В заключение не лишним будет указать, что, уже в самом поколении императора Нерона и после его рождения, зловещий список его порочной родни увеличился еще двумя именами — эпилептика Британика (794—808) и меланхолички Октавии (795—815), — детей, в ту пору уже бесспорно слабоумного, пьяницы Клавдия и пресловутой Валерии Мессалины (ум. 801), безудержной нимфоманки, имя которой, обратясь в исторический синоним бесстыжей развратницы, стяжало незавидную вечную память.
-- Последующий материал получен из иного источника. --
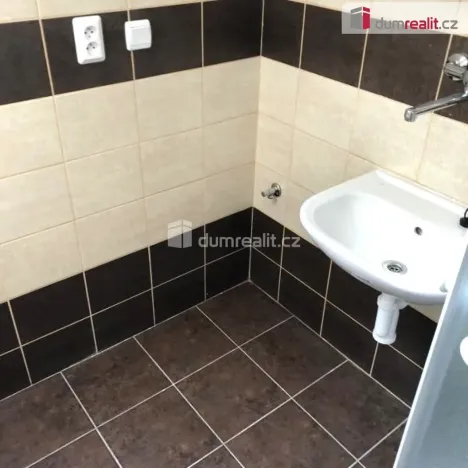 Pronájem bytu 2+1, Děčín - Děčín II-Nové Město, Kamenická, 56 m2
В числе переименованных выше лиц, как мужчин, так и женщин, не насчитать и десяти умерших, несомненно, естественной смертью. Жизнь остальных прекратили кинжал, яд, веревка, голодная и холодная тюрьма, тяжелая ссылка, вынужденные и добровольные самоубийства. Всего же фамилия Цезарей, от Кая Юлия Цезаря Диктатора (ум. 719) до конечного пресечения рода в лице маленькой Клавдии Августы, дочери Нерона (ум. 816), имела в родстве и ближайшем свойстве сто девять членов. Насильственная смерть постигла из них тридцать девять — более одной трети.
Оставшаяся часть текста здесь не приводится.